November 12, 1994|ROBYN NORWOOD

Tim Sweeney is one player who won't file for unemployment benefits. He's found a job--as a house painter in suburban Boston.

"There's only one thing about it, you can't rush it or it won't look good. You can't be in a hurry," said Sweeney, who is making about $400 a week working for his brother, Patrick. He would have made $285,000 with the Ducks.

"It's fun just to--you know how men are--you miss the camaraderie of a hockey team. This is working with the guys, talking the whole day.

"I'm learning new things every day too. I'll be putting aluminum siding on a house next. I think all this will come in pretty handy when the time comes when I have work on my own house."
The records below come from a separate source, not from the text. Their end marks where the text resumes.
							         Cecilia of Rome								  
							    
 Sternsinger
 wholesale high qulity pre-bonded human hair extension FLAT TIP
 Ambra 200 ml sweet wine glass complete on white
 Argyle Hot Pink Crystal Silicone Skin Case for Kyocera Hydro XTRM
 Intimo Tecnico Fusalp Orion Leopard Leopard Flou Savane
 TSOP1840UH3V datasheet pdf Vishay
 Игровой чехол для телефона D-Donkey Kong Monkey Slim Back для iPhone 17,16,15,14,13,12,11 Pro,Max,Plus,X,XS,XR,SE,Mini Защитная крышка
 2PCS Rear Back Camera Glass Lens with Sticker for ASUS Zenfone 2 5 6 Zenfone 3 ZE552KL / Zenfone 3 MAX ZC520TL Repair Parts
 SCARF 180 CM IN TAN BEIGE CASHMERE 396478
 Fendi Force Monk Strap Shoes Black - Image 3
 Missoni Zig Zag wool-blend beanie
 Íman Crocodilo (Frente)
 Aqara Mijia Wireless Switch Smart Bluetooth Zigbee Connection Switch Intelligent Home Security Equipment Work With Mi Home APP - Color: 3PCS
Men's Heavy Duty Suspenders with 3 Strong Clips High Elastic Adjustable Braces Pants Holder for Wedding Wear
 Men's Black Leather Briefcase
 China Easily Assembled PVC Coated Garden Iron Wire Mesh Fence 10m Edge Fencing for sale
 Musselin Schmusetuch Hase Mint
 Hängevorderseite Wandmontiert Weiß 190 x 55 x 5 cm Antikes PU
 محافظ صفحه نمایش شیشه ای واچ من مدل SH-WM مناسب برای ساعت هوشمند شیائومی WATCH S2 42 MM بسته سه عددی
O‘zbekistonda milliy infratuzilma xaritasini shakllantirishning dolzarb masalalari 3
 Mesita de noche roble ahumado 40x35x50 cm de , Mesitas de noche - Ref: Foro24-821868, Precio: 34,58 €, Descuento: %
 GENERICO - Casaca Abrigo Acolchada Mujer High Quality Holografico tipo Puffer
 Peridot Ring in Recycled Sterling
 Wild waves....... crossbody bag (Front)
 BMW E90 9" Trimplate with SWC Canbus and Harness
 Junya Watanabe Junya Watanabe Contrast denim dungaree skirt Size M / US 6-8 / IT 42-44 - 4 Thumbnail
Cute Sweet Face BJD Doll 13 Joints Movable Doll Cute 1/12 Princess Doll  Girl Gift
Sweeney and his wife, Christina, returned to Hanover, Mass., when the lockout began. He has been skating two or three times a week with players at Weymouth High, going to local football games and working five days a week.

One nagging worry is his future with the Ducks, who left him unprotected for the waiver draft, which was canceled because of the labor dispute. As the Ducks' fourth-leading scorer last season, he thinks there's a good chance he could be picked up by another team when and if the waiver draft is held.

Until then, he'll keep painting, "for the time being," he said. "I don't have anything else to do. That's one of the reasons why I'm doing the painting. You can only work out so many hours of the day. I'm trying to keep busy and keep my mind off things."

The approach of winter will change his workday.

"You can't paint houses when it gets like that," he said. "We'll probably stop painting the outside of houses in the next couple weeks and just paint inside."